Суть психологической игры «Треугольник Карпмана» в том, что участники меняются ролями по кругу, но в целом роли более или менее устойчивые: алкоголик – Преследователь, созависимый – Жертва, ребенок – Спасатель.

Так было до того момента, пока я не начала понимать, что происходит (примерно в 15 лет). Тогда я еще не знала таких слов как «созависимость», «психологическая игра», «сценарий жизни», «треугольник Карпмана», но интуитивно понимала, что происходящее в родительской семье – это что-то нездоровое, и я больше не хочу участвовать в этом. Я стала все чаще уходить из дома, а по возвращении просто терпела и старалась сохранять нейтральную позицию, не вставать ни на чью сторону (кстати, удивительно, что я не сбежала, учитывая НАСКОЛЬКО мне не хотелось возвращаться домой).

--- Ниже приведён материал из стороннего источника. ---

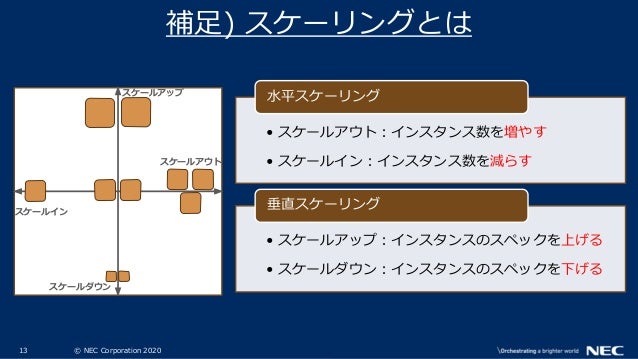クラウドの汎用的な基礎知識に自信はありますか
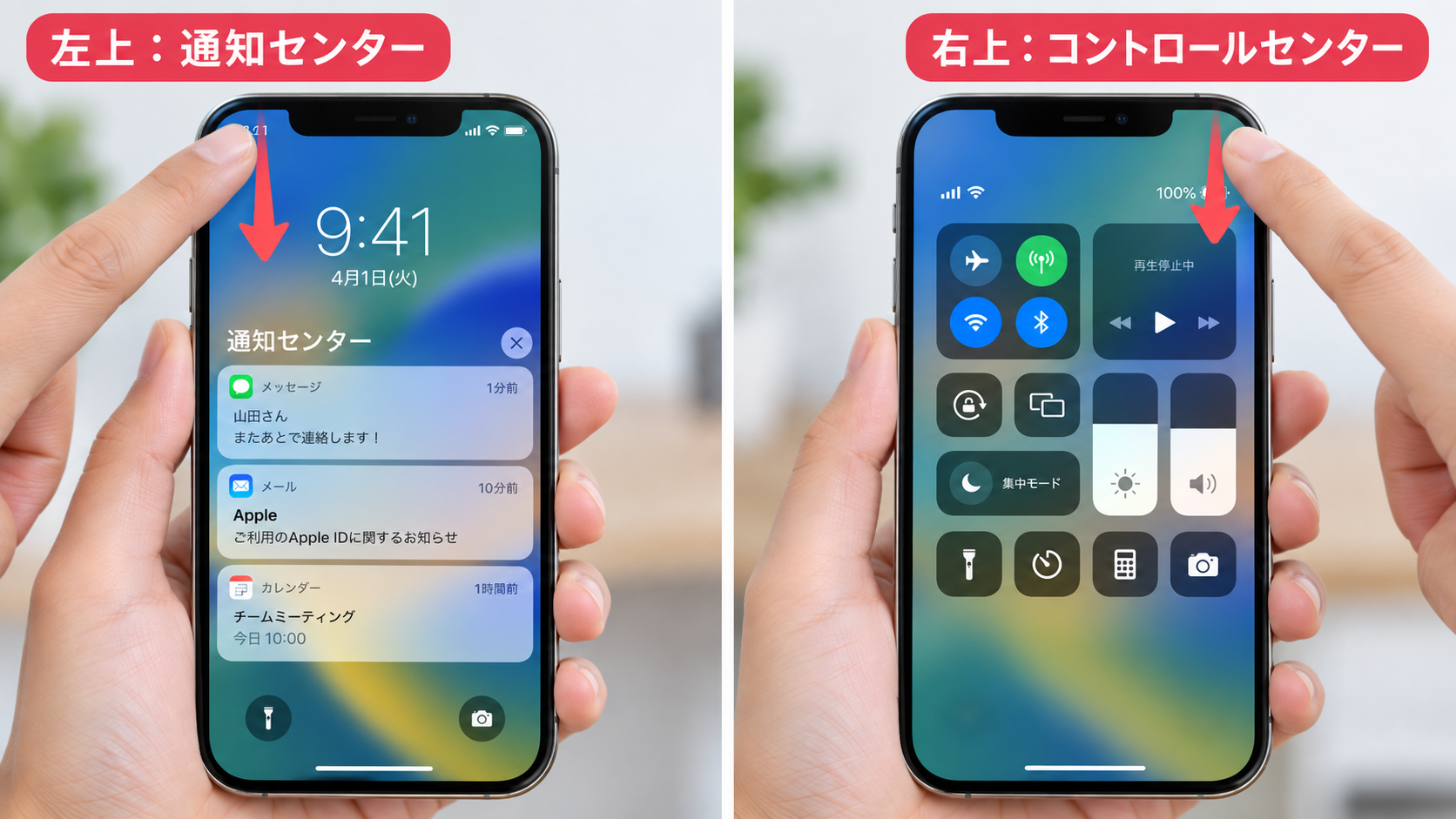スワイプする位置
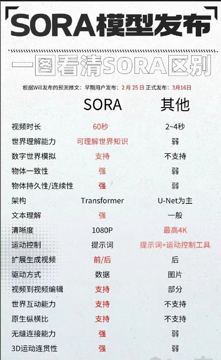 火爆全网的Sora实用教程系列,附带Sora申请地址（教程资源）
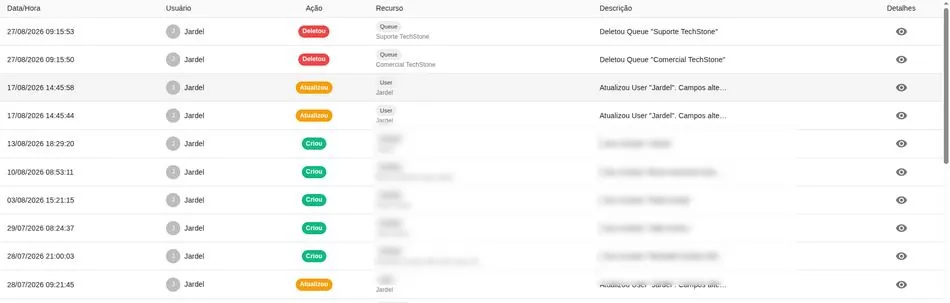 Tabela de logs com data, usuário, ação, recurso e descrição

Финальную точку я поставила примерно в 20 лет, когда уже знала об играх созависимых и удивлялась, насколько до деталей точно мои родители разыгрывают то, что описано в книгах по психологии. Выйти из игры было непросто…

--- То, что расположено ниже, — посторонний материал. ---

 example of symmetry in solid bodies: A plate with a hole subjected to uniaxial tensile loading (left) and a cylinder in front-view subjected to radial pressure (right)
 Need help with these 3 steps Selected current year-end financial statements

Звонит мне мать, и у нас происходит тяжелый разговор:

– Свет, приезжайте к нам (имеет в виду меня и моего тогда уже мужа). Отец опять напился. Он убьет меня. Может, он хотя бы вас постыдится.

– Не приедем. Раньше у меня не было выбора, теперь он есть. Я выбираю не возвращаться туда и не играть в игры. У тебя тоже есть выбор. Это твой мужчина, ты можешь оставаться с ним или уйти.

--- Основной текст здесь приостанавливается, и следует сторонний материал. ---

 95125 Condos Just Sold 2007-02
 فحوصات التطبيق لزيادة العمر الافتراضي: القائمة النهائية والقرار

– Да, конечно! Мой мужчина… Есть у меня выбор… (обиженно и с подтекстом «его нет»). Тебе меня не жалко? (любимая манипуляция, такая же часто используемая как «Ты меня любишь? Тогда сделай что-то ради меня»)

– (Пара тяжелых секунд молчания, сглотнула ком в горле) Нет.

На самом деле было жалко. Очень. Я говорила это, а внутри все сжималось. В ту секунду на меня навалилась тонна вины, стыда, страха, отчаяния, злости и бессилия. А когда мама разрыдалась и повесила трубку, тонна чувств превратилась в 10 тонн. Наверное, если бы к тому моменту я не разучилась плакать, то тоже разрыдалась бы.

Я чувствовала себя запертой в ловушке: приедешь – предашь себя, не приедешь – предашь маму. Знаете, с чем это можно сравнить? Представьте, что кто-то говорит вам: «Выбирай, что будешь делать оставшуюся жизнь – дышать или есть / спать». Так это ощущалось. Хотя, конечно, когда ты отказываешься играть в токсичные игры, ты никого не предаешь, а спасаешь себя. Но это очень непросто.

Возможно, мой ответ был слишком грубым, но тогда у меня хватало сил только на это. И на то, чтобы мысленно сказать себе: «Ты молодец. Ты правильно поступила». А также на то, чтобы все-таки не приехать и не перезвонить. Руки потом тряслись еще пару дней… А чувство вины душило годами. Но зато в игры меня больше не втягивали, по крайней мере, в подобные.

Вероятно, я видела эту ситуацию по-другому – не так, как мать. Боишься, что убьет? Звони в полицию, а не мне. Не можешь это терпеть? Уходи. Ты взрослая женщина, у которой есть работа, здоровье (пока есть, но, оставаясь в нынешних отношениях, ты делаешь все для того, чтобы здоровья становилось меньше), уже нет на руках маленьких детей или других факторов, осложняющих ситуацию. Ты можешь уйти, но не хочешь.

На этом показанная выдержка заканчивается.